In the early '90s, the Department of Defense (DoD) head of acquisition called for a single process initiative and asked DoD procurement officers to drop as many contract specific requirements as possible and adopt commercial practices instead. Since there was no other readily available standard in place at the time, ISO 9001:1987 (and subsequently 1994) was easily accepted as the commercial equivalent quality system.
Another thing that made the ISO 9000 series of standards appealing was the growing supplier base. As products grew in complexity, the need for cost containment and reduction became more prevalent. An increasing amount of the OEM's work was contracted out so the major OEMs were looking for a simple cost effective tool to control quality in the aerospace supplier community.
While an excellent model for a quality system, ISO 9001 (and ISO 9002) is minimalist and neither fulfills all the needs of the industry nor covers the regulatory requirements. So it had to be supplemented. Supplemental requirements were easily written into the quality programs of the OEMs, but they still caused proliferation of flow down requirements to the supplier base. This was especially true in commercial aviation where the Federal Aviation Administration (FAA) sees the supplier community as an extension of the prime manufacturer.
Development of an aerospace industry standard
The problem of duplicative and contradictory requirements was long recognized by the aerospace industry, and several attempts were made along the way to find a satisfactory solution.
U.S. aerospace companies learned the hard lesson that product and service quality as a determinant in customer selection is now on par with price, delivery and performance. The problem with flow down requirements and multiple audits had not diminished in the supplier community. With the high costs of design and development and the prevalence of joint partnerships, most companies are both suppliers and customers to each other as well as to their vast supplier networks.
In 1995 several major aerospace manufacturers, recognizing the need for uniform supplier requirements, came together under the umbrella of ASQ and created the American Aerospace Quality Group (AAQG). AAQG's original aim was to procure higher quality and lower cost materials and services faster and more reliably from a stable long-term supplier base. The first effort was in the same area where other industries such as automotive had already made significant progress--process variation reduction. One area of variation reduction targeted by the AAQG was the multiple quality system requirements and specifications imposed on the aerospace supplier community.
The AAQG first discussed the use of ISO 9001 as a standalone document. Discussions with the automotive industry about the creation and use of QS-9000 firmly planted the concept that an ISO 9001 based document tailored for aerospace was doable.
The first product of this attempt at an industry standard was published by the Society of Automotive Engineers (SAE) in October 1996 as ARD 9000. Subsequent to this interim publication, some changes occurred within the AAQG, not the least of which was that the group left the umbrella of ASQ and became an SAE Aerospace Council subcommittee. The AAQG began to see its mission as creating requirements and solutions and bringing homogeneity to the quality side of the industry. Refinement of the ARD 9000 document led to a final release of a standard called AS9000 in May of 1997.1
Why is an aerospace standard necessary? Some very key concepts--not the least of which are safe, reliable and maintainable products--are missing from ISO 9001. Aerospace industry customers (airlines, DoD, aviation public, NASA and others) expect and demand that quality systems employed by manufacturers assure that products are safe and reliable, perform as intended and operate normally when maintained in accordance with the requirements of the manufacturer.

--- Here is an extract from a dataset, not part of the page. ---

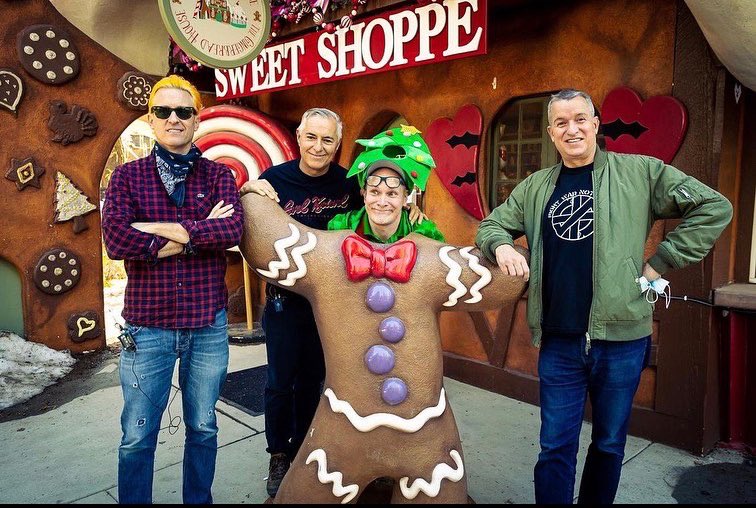 The Vandals! (@thevandals) on Twitter photo 4 days until our 26th Annual Christmas Formal! Happening at <a href="/HOBAnaheim/">House of Blues Anaheim</a> this Sat, Dec 18th! All ages! Grab you tix now! Link: bit.ly/3EkTOLu 4 days until our 26th Annual Christmas Formal! Happening at <a href="/HOBAnaheim/">House of Blues Anaheim</a> this Sat, Dec 18th! All ages! Grab you tix now! Link: bit.ly/3EkTOLu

Another caveat is the recognition that in matters pertaining to civil aviation, the FAA and civil aviation authorities of other countries have the final say on acceptable practices and procedures during the design, development, manufacture, assembly and testing of civil aerospace products.
AS9000 focuses on areas that are important to the aerospace industry. It recognizes the relationships and requirements of the regulatory agencies. It recognizes that the supplier community is an extension of its own processes and procedures and therefore must be tightly controlled to reduce variation. It focuses on processes whose sensitivity can have extreme consequences to the product's safety, reliability and performance. AS9000 added 31 new requirements in the areas of:
4.2--Quality system and planning.
4.5--Document and data control.
4.13--Control of nonconforming material.
Some unique items include the requirement for foreign object damage control--one of the most prevalent and potentially deadly problems in the industry. It puts emphasis on the complete supply chain for any errors may have disastrous effects. It puts emphasis on the control of processes and process planning--not just the process itself but the tooling, equipment, software and people involved. Any variations from the specified requirements can build in latent defects that cannot be tolerated in service. Finally, it increases documentation of results requirements since many times at the end of the day the only evidence that processes were correctly performed is the documented evidence created while the work was being performed.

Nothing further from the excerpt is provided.